Olasov studied recent data from Moody’s Investors Service, New York, which tracked $54 billion in cumulative losses for its quarterly loss severities report. He noted primary markets are primary for good reason. “Studies continue to show that top metros incur lower loss rates after default,” he said.

Moody’s reported the five largest metros had a 37.2 percent cumulative loss severity compared to 47.2 percent for the non-top 25 metros.

“Vintage also matters, and issuance years reflect competitive lending pressures,” Olasov said, noting the 2007 vintage alone accounted for 63.2 percent of total quarterly losses per Moody’s. “When markets were at their frothiest leading up to the Great Recession, default rates and losses given default inevitably spiked.”
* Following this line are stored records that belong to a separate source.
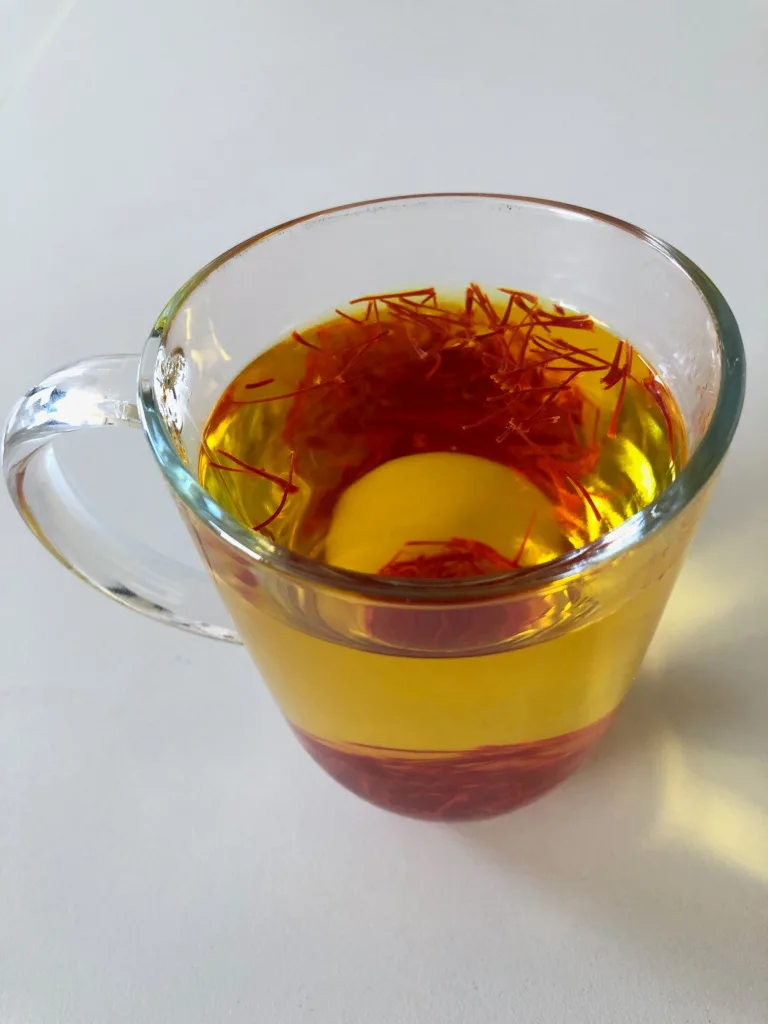 Golden cup of saffron tea with visible saffron threads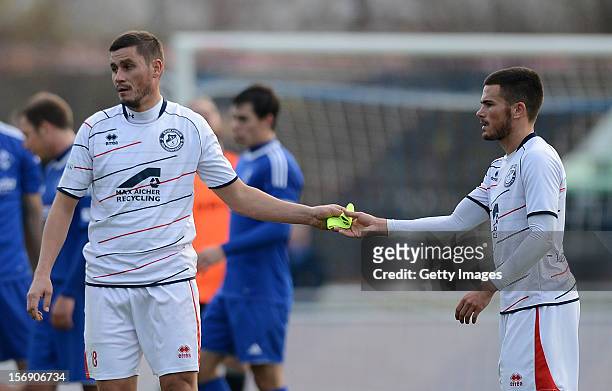 Alexander Maul of Seligenporten passes his captain's armband to team-mate Marco Wiedmann of Seligenporten after receiving a red card during the...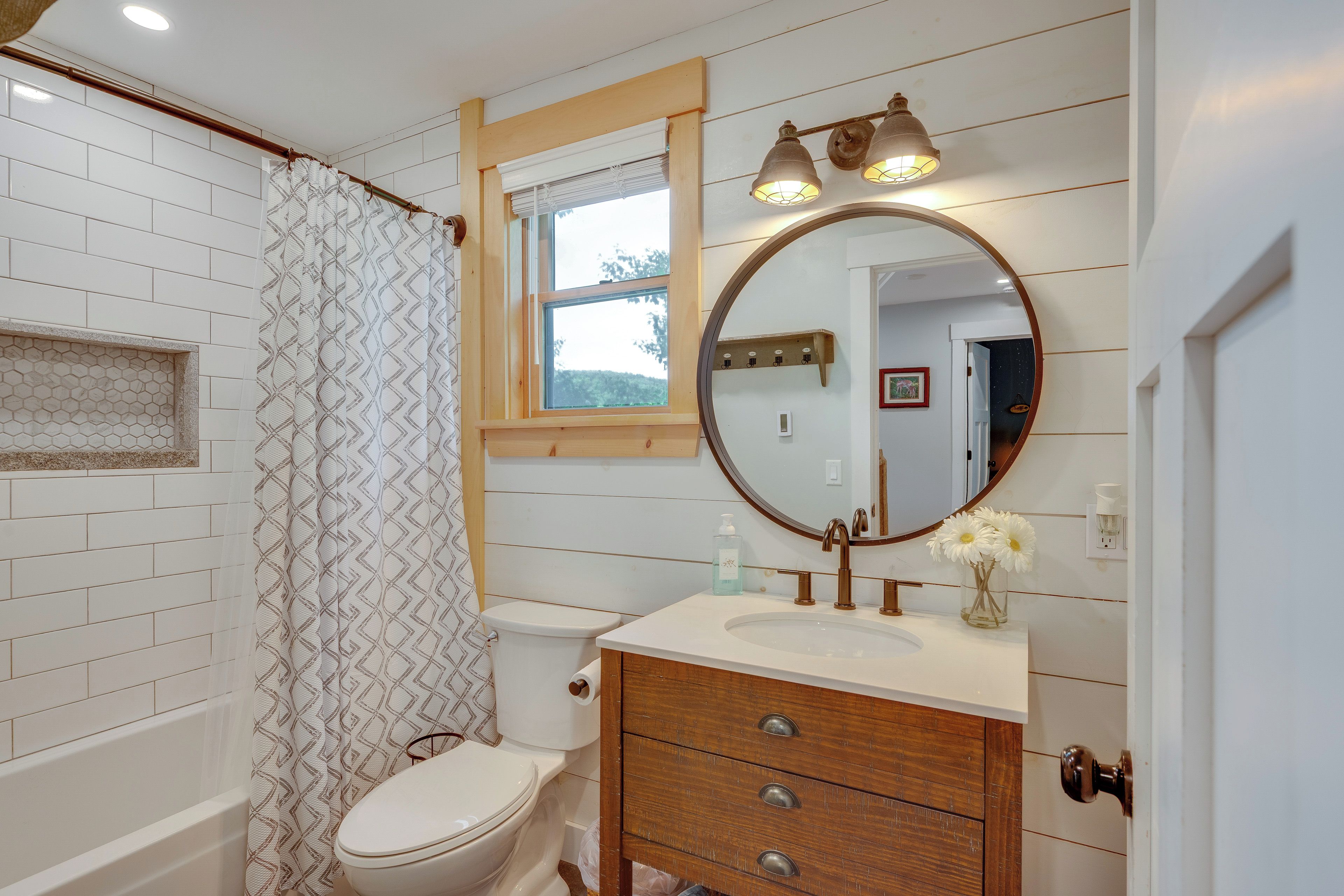 A bathroom with a toilet, sink, vanity, mirror, and shower curtain.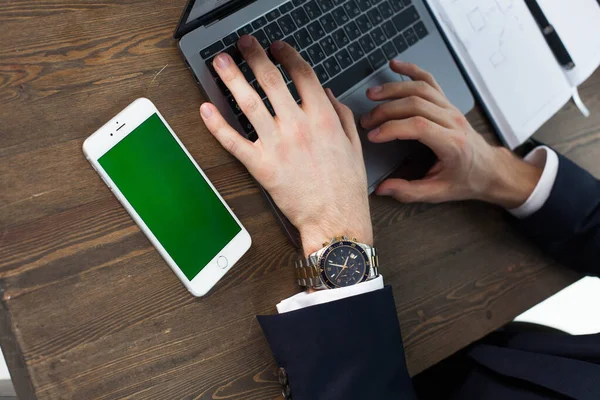 Bilgisayarı, tableti ve telefonu olan bir ofis masası. Adamın elleri yeşil ekranlı bir akıllı telefonu tutuyor. Ofis İşçi Masası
It appears CMBS issuers learned their lesson, because post-crisis losses remain significantly lower than pre-2008 deals, Olasov said. “CMBS 2.0 deals continue to experience lower loss rates relative to other vintages at similar points of seasoning.”

Olasov also noted that recognizing big demographic shifts can help minimize mistakes. “For example, the movement away from homeownership and in favor of renting set a cap on multifamily losses,” he said. “To a lesser extent, as retail sales continue to migrate online, fulfillment centers strengthen at the expense of regional malls with weak anchors. Overall, the Moody’s data contributes to smarter lending and investment decisions.”

Trepp LLC, New York, reported the CMBS delinquency rate reached a new post-financial crisis low in May, falling 16 basis points to 2.66 percent. The delinquency rate has fallen in 20 of the past 23 months since June 2017.

“The CMBS market has remained remarkably resilient in the face of recent volatility,” said Trepp Senior Managing Director Manus Clancy. “Spreads have widened, but only minimally even though tariffs and trade rhetoric have taken their toll on other markets. CMBS issuance continues to march on, and as we’ve seen for the last two years, CMBS delinquencies continued to drop in May.”

Trepp said May’s largest delinquency rate drop among major property sectors was in the retail space, where the delinquency reading dropping 33 basis points to 4.29 percent. The lodging sector remained the best-performing property type with a 1.42 percent delinquency rate. The office delinquency rate fell 13 basis points to 2.98 percent.

The multifamily delinquency rate climbed 17 basis points in May to 2.16 percent, Trepp reported.